-- TASK DETAILS --
Starting at the first line of the records and stopping at the line that contains "Cartoon Crab Flush", transcribe every line exactly and leave out the pictures.
-------- DATA PROVIDED --------
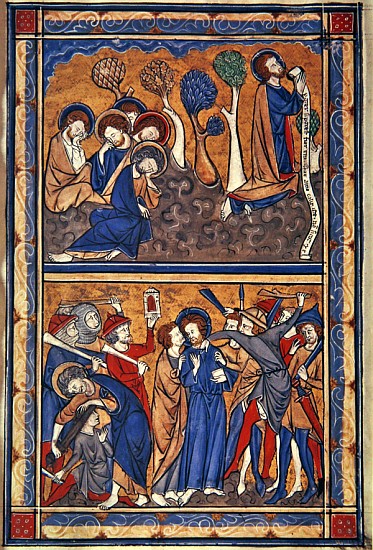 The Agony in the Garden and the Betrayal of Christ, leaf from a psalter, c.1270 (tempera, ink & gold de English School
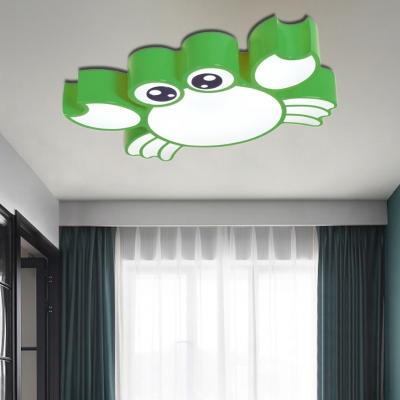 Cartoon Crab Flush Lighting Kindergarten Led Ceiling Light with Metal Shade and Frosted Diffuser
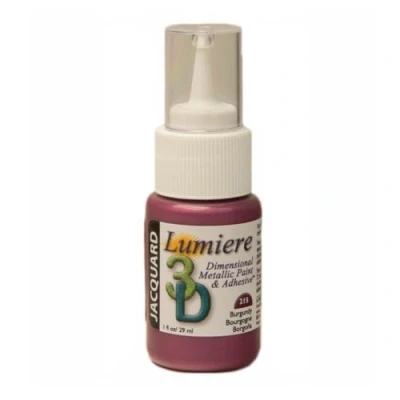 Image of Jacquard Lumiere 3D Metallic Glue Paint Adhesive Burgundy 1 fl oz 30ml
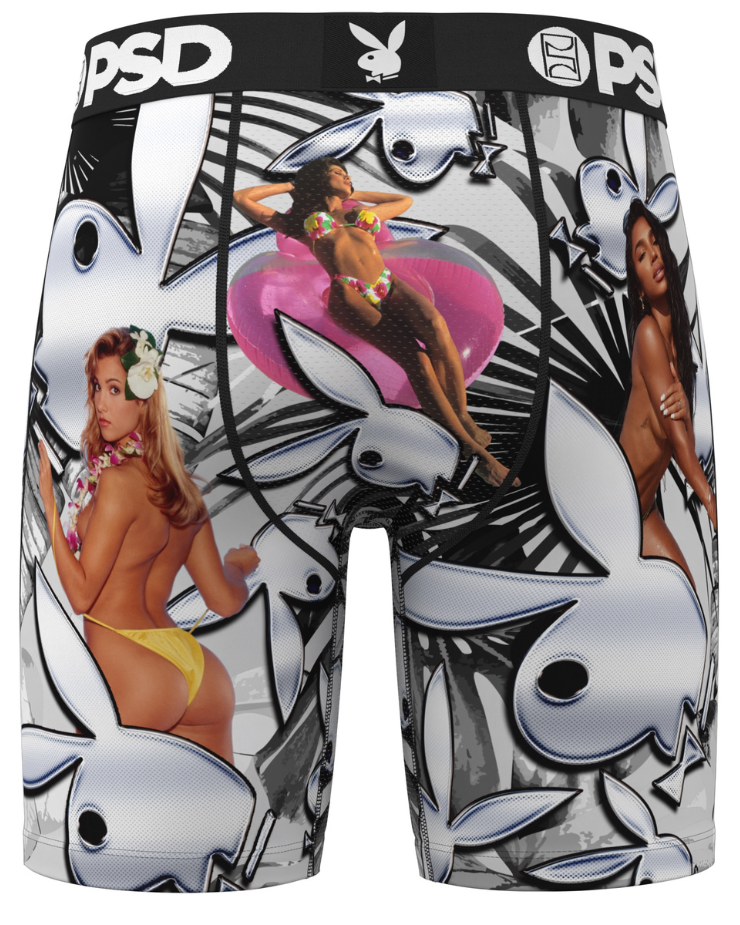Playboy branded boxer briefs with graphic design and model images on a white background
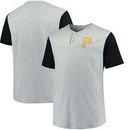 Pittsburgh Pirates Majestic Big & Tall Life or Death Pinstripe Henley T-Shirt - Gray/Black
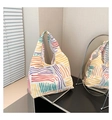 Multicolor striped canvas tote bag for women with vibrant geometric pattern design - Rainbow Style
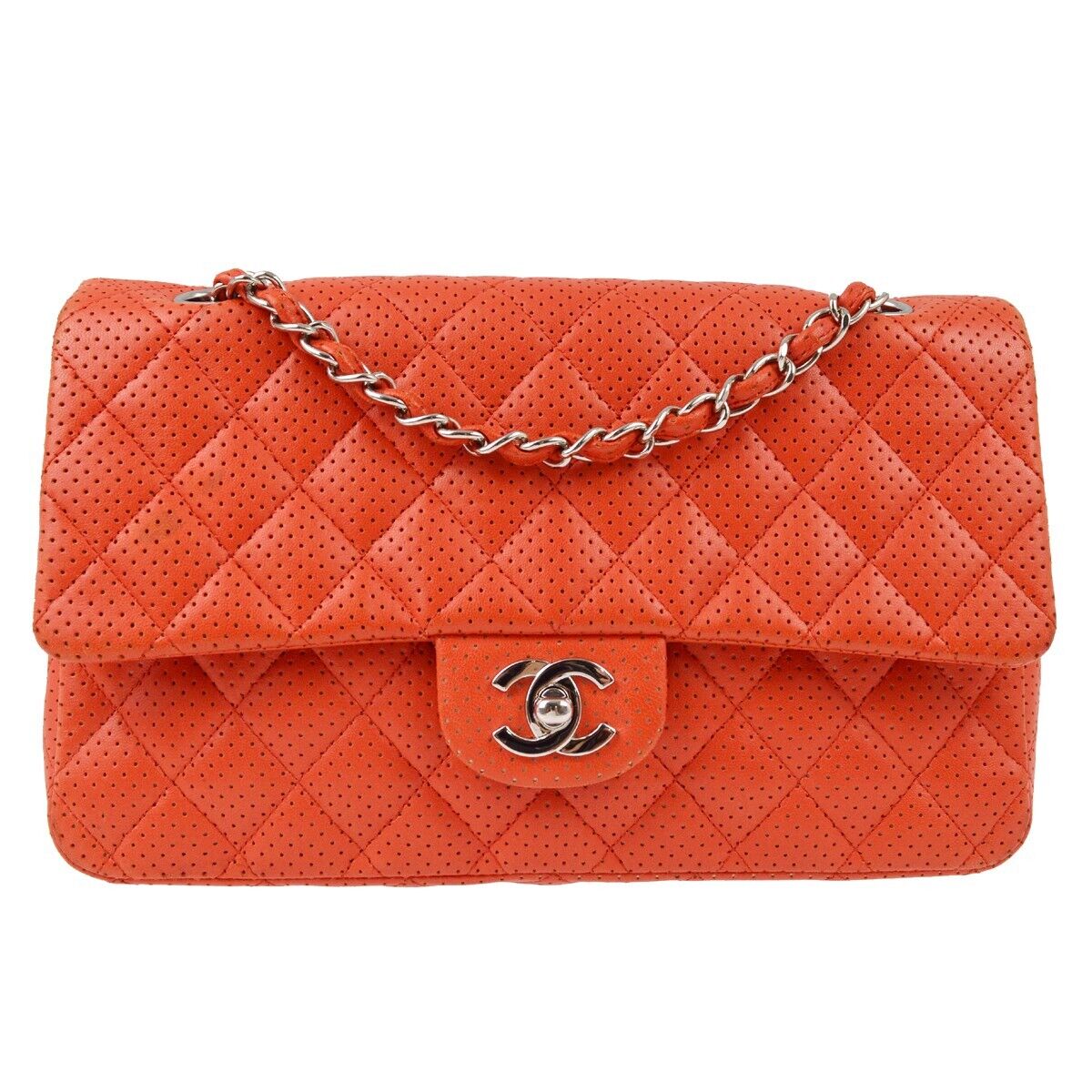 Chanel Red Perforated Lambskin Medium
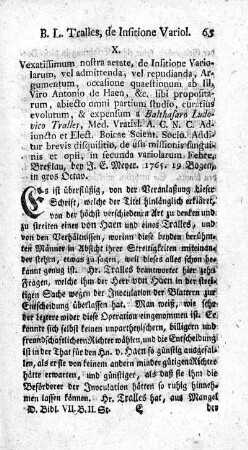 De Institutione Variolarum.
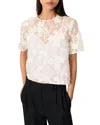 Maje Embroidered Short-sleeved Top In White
--------
-- RESPONSE FOR THIS EXERCISE --
 The Agony in the Garden and the Betrayal of Christ, leaf from a psalter, c.1270 (tempera, ink & gold de English School
 Cartoon Crab Flush Lighting Kindergarten Led Ceiling Light with Metal Shade and Frosted Diffuser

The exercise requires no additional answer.